## Directions
With the pictures omitted, please transcribe exactly the lines beginning at the one that contains "bontott TOYOTA AURIS Acélfelni Szett Gumival" and ending with the last line of the records below.

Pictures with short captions
# # # #
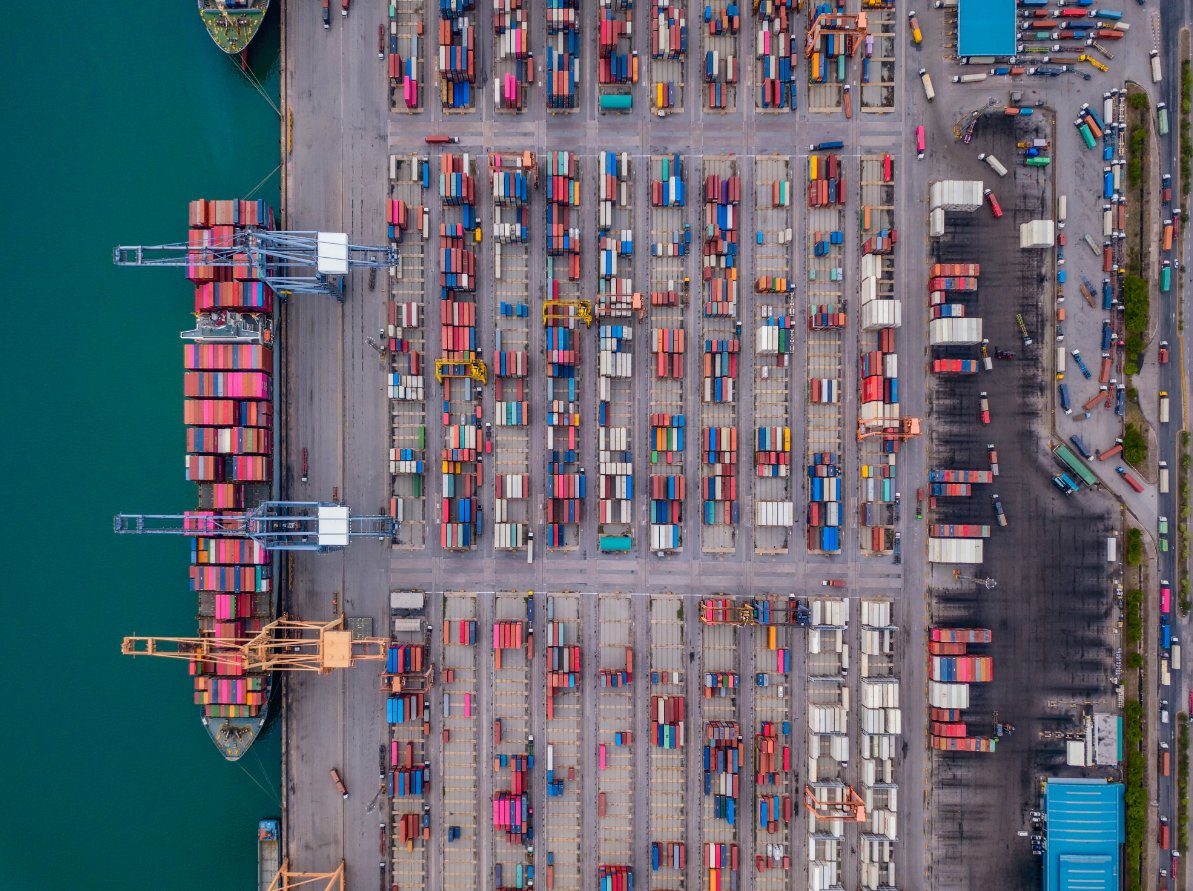ShipsSolutions's tweet photo. The inventory glut will continue to impact consumer prices, specifically in the construction industry. Read more as we prepare for the latest consumer price index data to release tomorrow at: https://t.co/WwDps2BfRa. https://t.co/d40Bvb4gjv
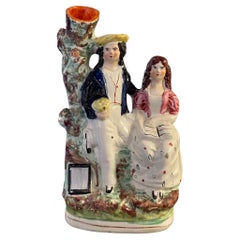 Figurine d'un couple écossais du milieu du 19e siècle, Staffordshire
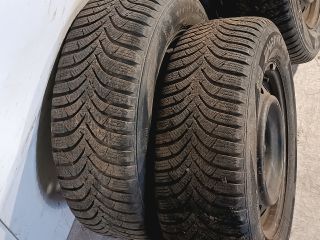 bontott TOYOTA AURIS Acélfelni Szett Gumival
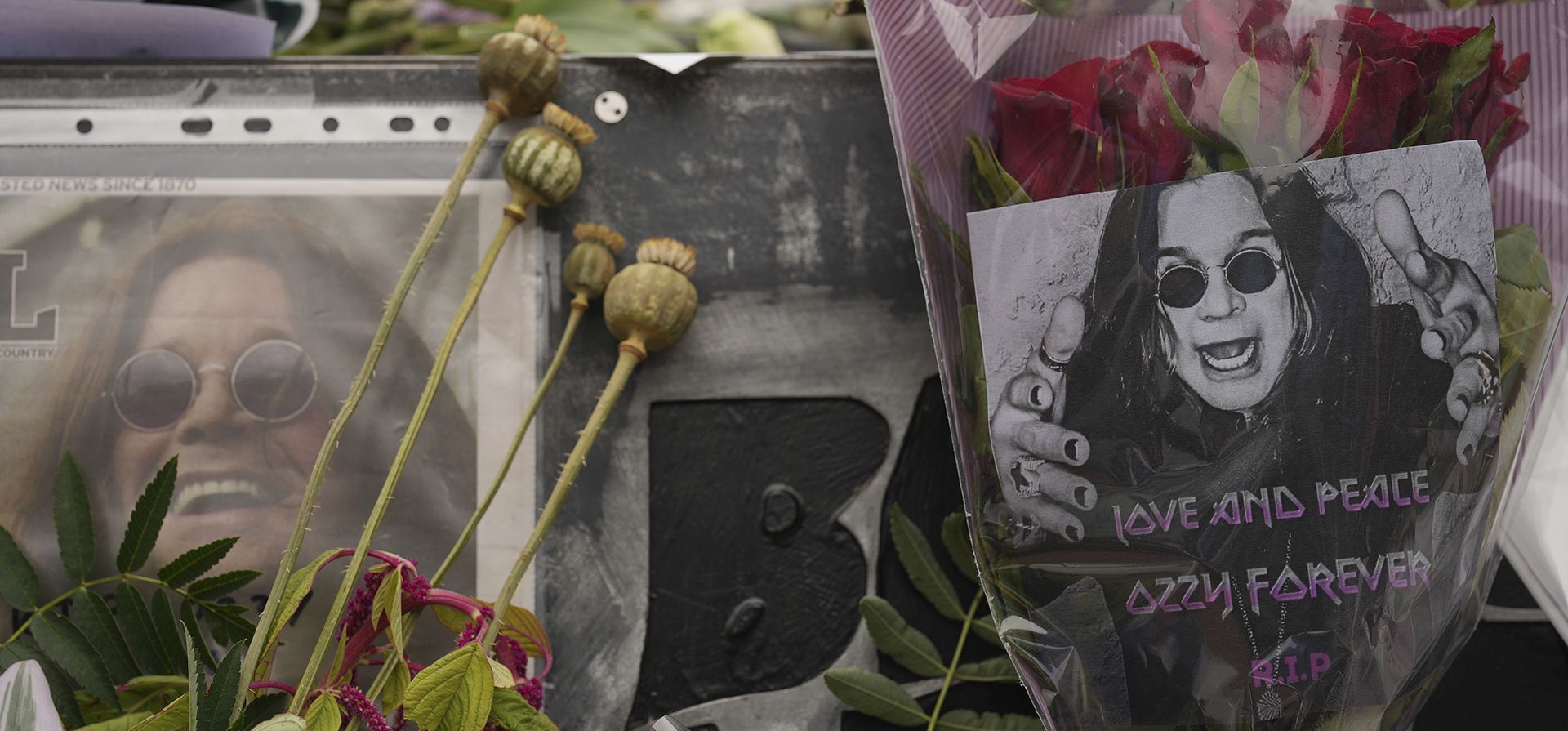 Los fans dejan flores y mensajes para conmemorar la muerte de Ozzy Osbourne en el puente Black Sabbath en Birmingham, el miércoles 23 de julio de 2025. (Foto AP/Kin Cheung)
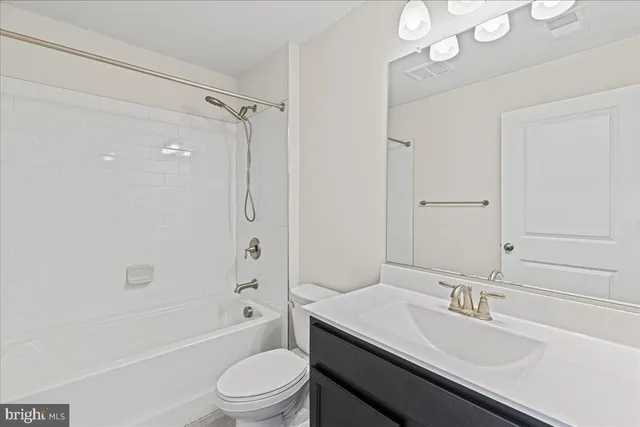 $3,475 | 9 Venice Ln Mount, Mount Laurel, NJ 08054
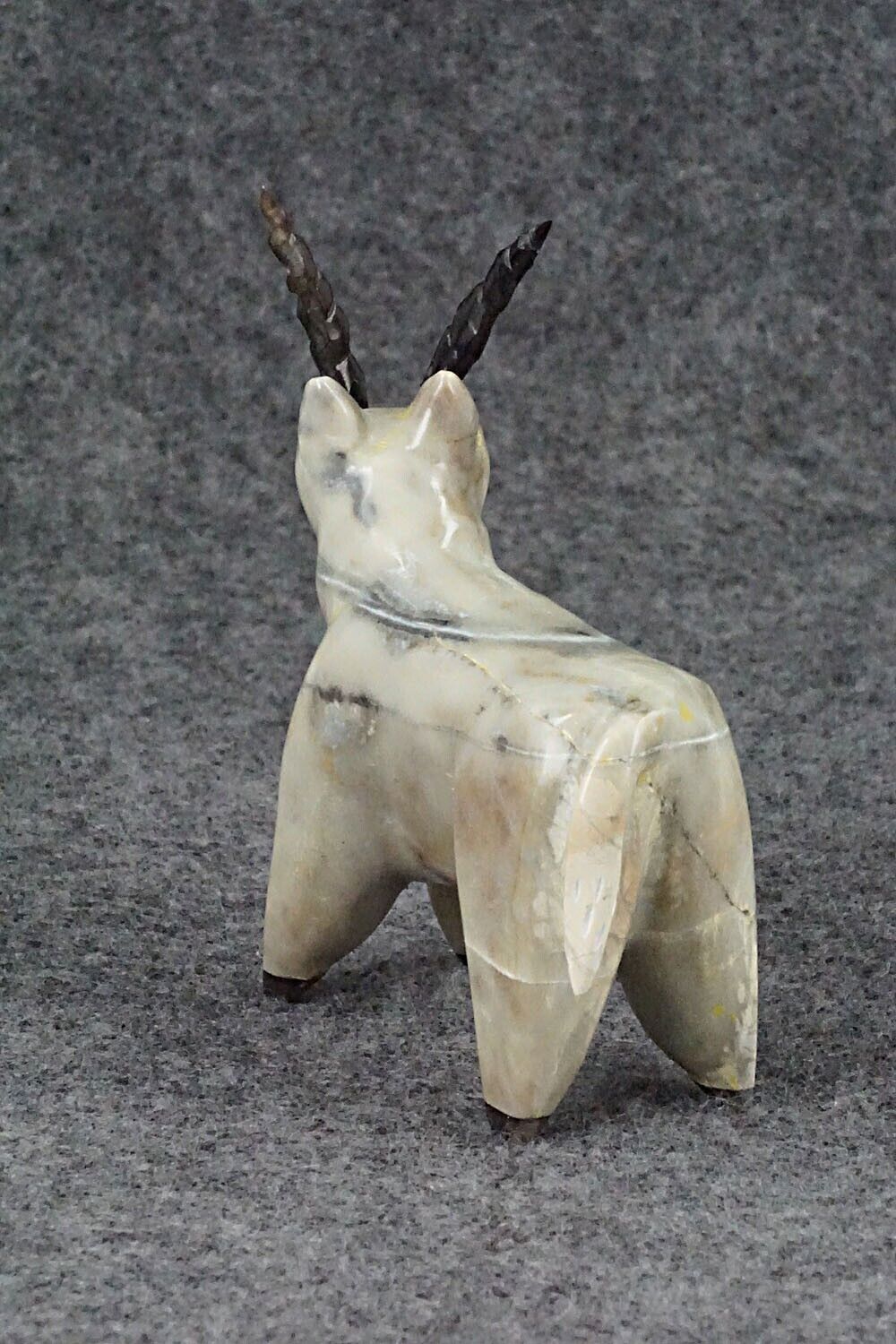 Oryx Zuni Fetish Carving - Enrike Leekya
# # # #
## Output
 bontott TOYOTA AURIS Acélfelni Szett Gumival
 Los fans dejan flores y mensajes para conmemorar la muerte de Ozzy Osbourne en el puente Black Sabbath en Birmingham, el miércoles 23 de julio de 2025. (Foto AP/Kin Cheung)
 $3,475 | 9 Venice Ln Mount, Mount Laurel, NJ 08054
 Oryx Zuni Fetish Carving - Enrike Leekya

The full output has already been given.